IBM engaged in research to arm computers with Indian languages

IBM is engaged in research on Indian languages in a bid to develop new artificial intelligence applications in key industries

tech, AI, artificial intelligence, robotics, automation, computers, indian languages — IBM’s natural language processing road map in India includes Bengali, Tamil, Telugu, Kannada, Marathi, Gujarati and Punjabi

4 min read Last Updated : Apr 19 2021 | 6:10 AM IST

In March last year, IBM announced the first commercialisation of key natural language processing (NLP) capabilities from IBM Research’s Project Debater, its artificial intelligence system capable of debating humans on complex topics.

While the technology giant builds on its language capability, which feeds into its cognitive intelligence platform Watson, another project in India that is helping build on NLP is a partnership with IIT Bombay, where a team of researchers is looking at the myriad complexities of diverse Indian languages.

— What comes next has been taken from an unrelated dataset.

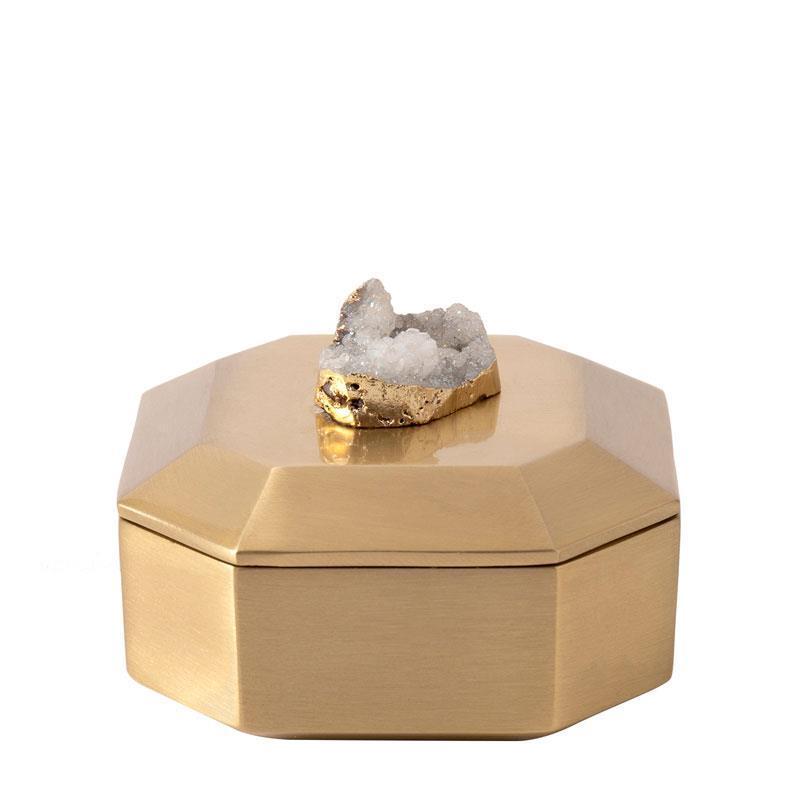 Коробка для хранения ювелирных изделий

“IBM’s AI portfolio is built around automation, NLP and trust,” says Gargi Dasgupta, director, IBM Research India and chief technology officer, IBM India/South Asia.

IBM has expanded its AI-powered automation capabilities with IBM Watson AIOps, which builds on underlying technology developed by IBM Research. Following the first commercialisation of key NLP capabilities from IBM Research’s Project Debater, Watson is even more advanced in the nuances of human language, identifying and analysing idioms and colloquialisms for the first time.

“There are a couple of things that differentiate enterprise NLP from consumer NLP. Explainability and trust for the business to adopt and to make use of NLP is very important,” says Dasgupta.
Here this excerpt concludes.